• [Exercise brief] Transcribe exactly the lines from the top of the records below through the line that holds "Lavender Blossom soy candle tins. 8oz", both included, with no pictures.

• [Given records]

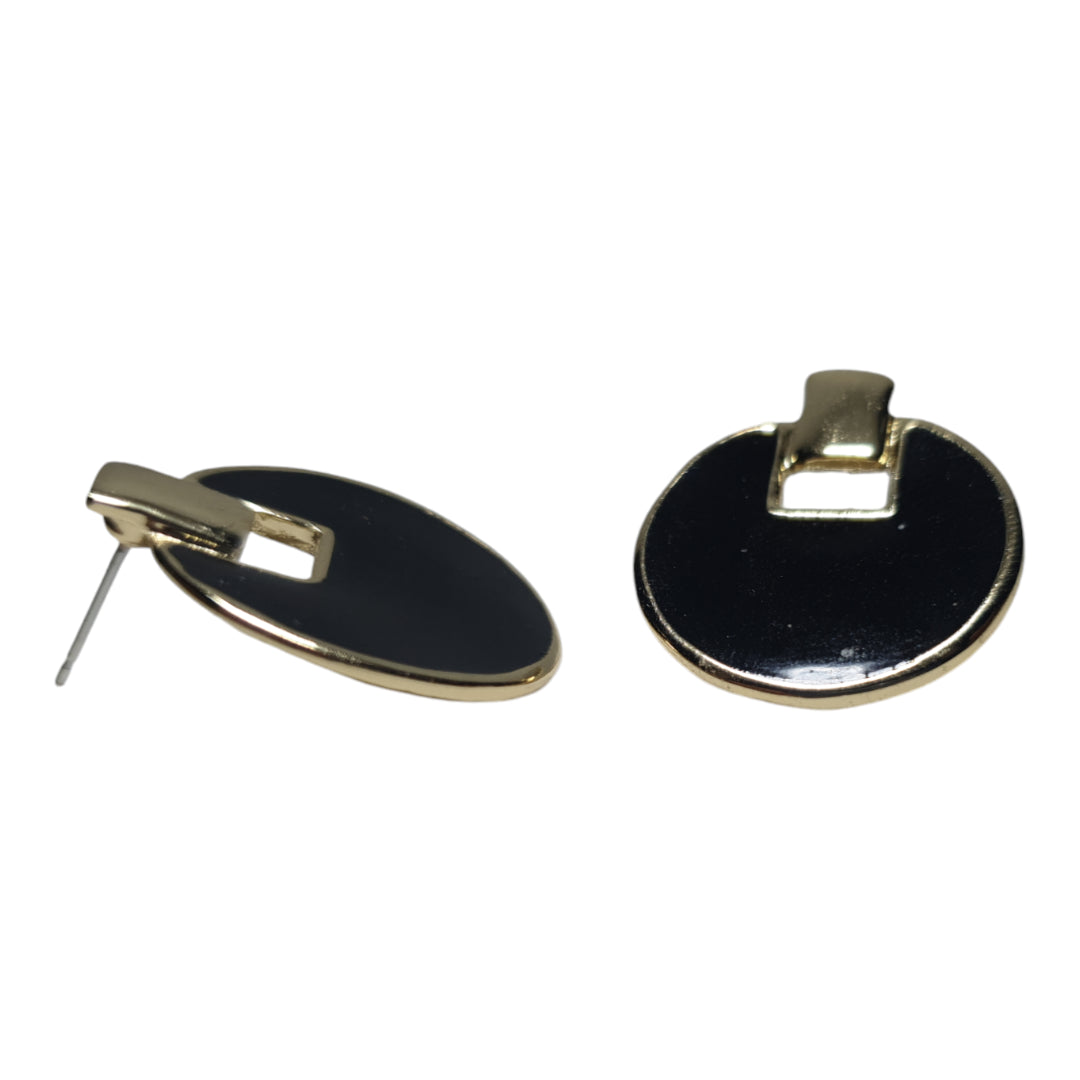 Black Enamel Gold Plated doorknocker Stud Earrings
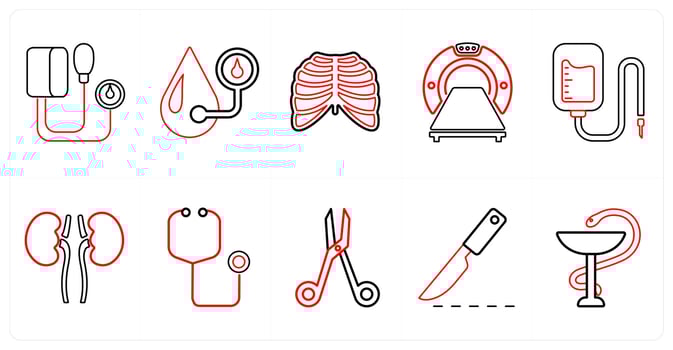 A set of 10 medical icons as blood pressure kit, blood pressure, radiology in red line color vector
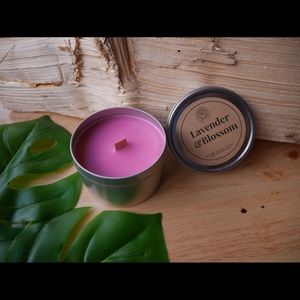 Lavender Blossom soy candle tins. 8oz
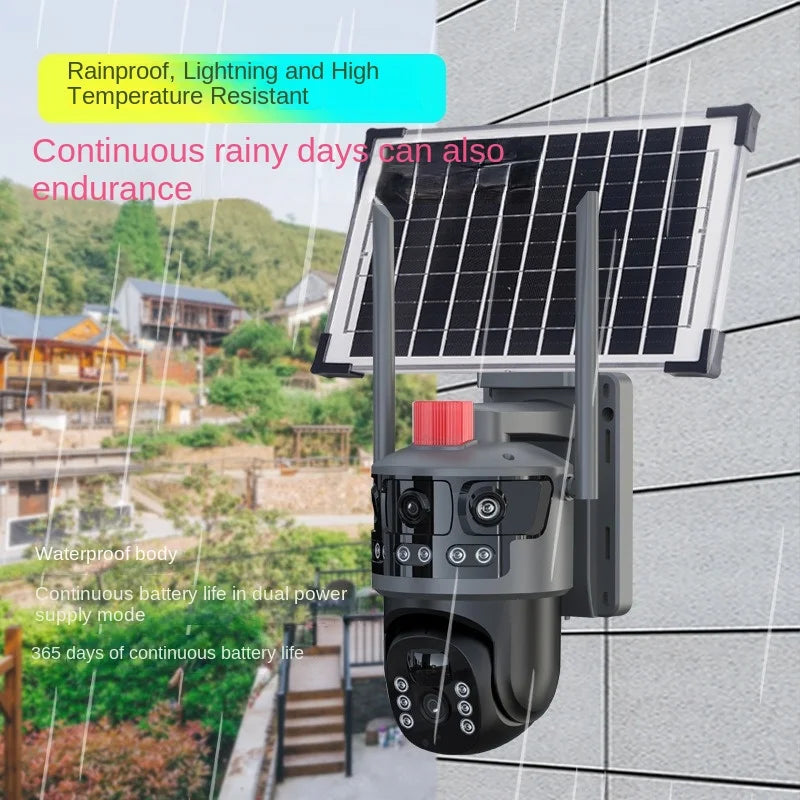 BAITIAN 4/6MP Ultra HD Home Security Camera Solar-Powered 360-Degree Rotatable Wi-Fi/4G Remote Access CMOS Sensor Cloud Storage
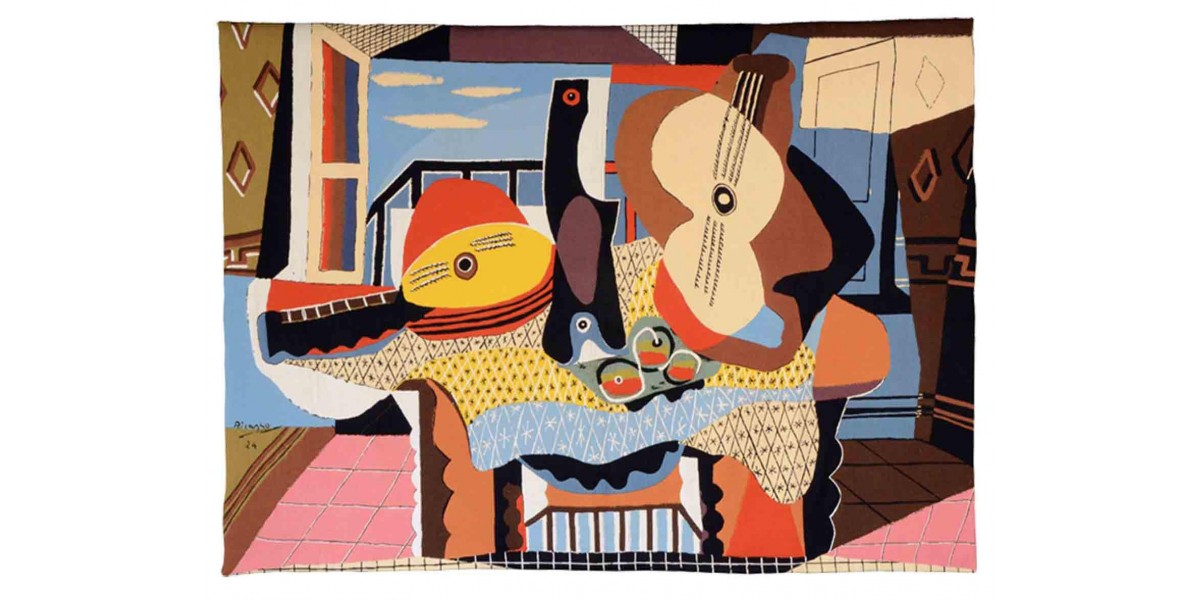 Gobelín  - Mandoline et guitare by PICASSO ( rok 1924 )
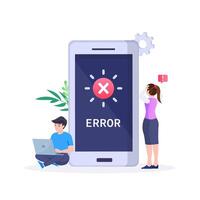 Modern flat illustration of verification failed and QR error vector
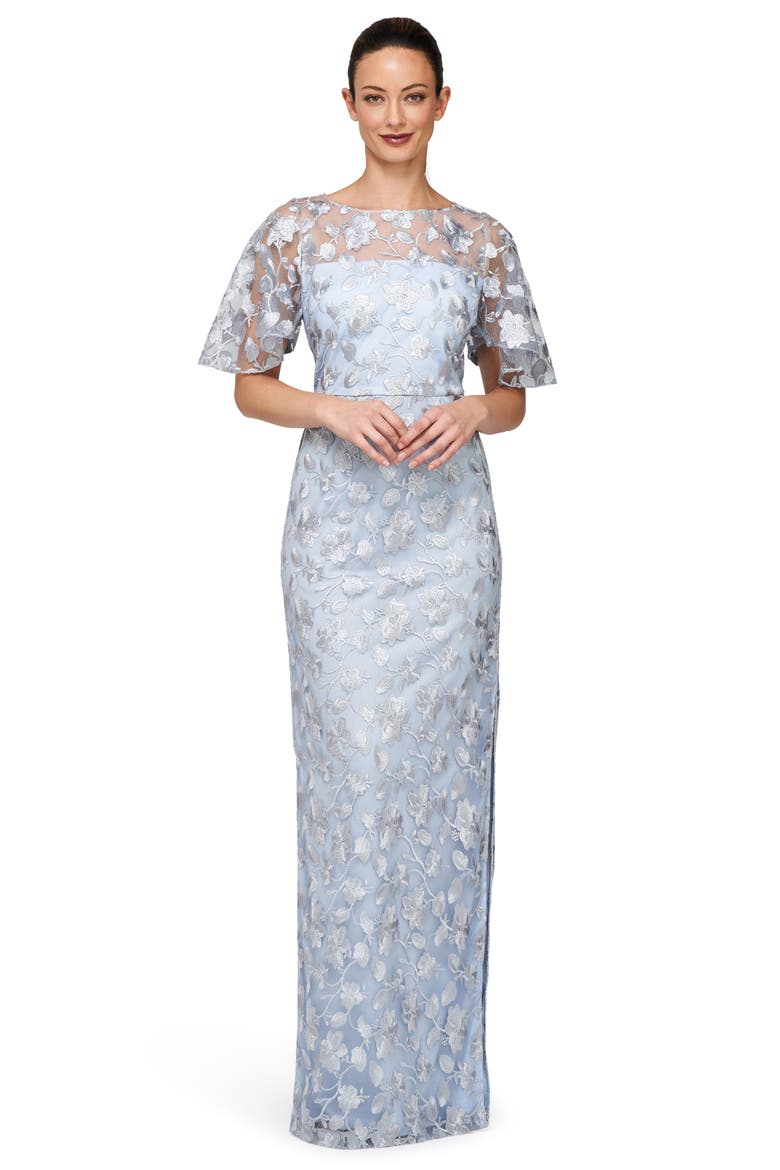 Brooke Floral Embroidered Column Gown, Alternate, color, SILVER/ AZURE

• [Task result]
 Black Enamel Gold Plated doorknocker Stud Earrings
 A set of 10 medical icons as blood pressure kit, blood pressure, radiology in red line color vector
 Lavender Blossom soy candle tins. 8oz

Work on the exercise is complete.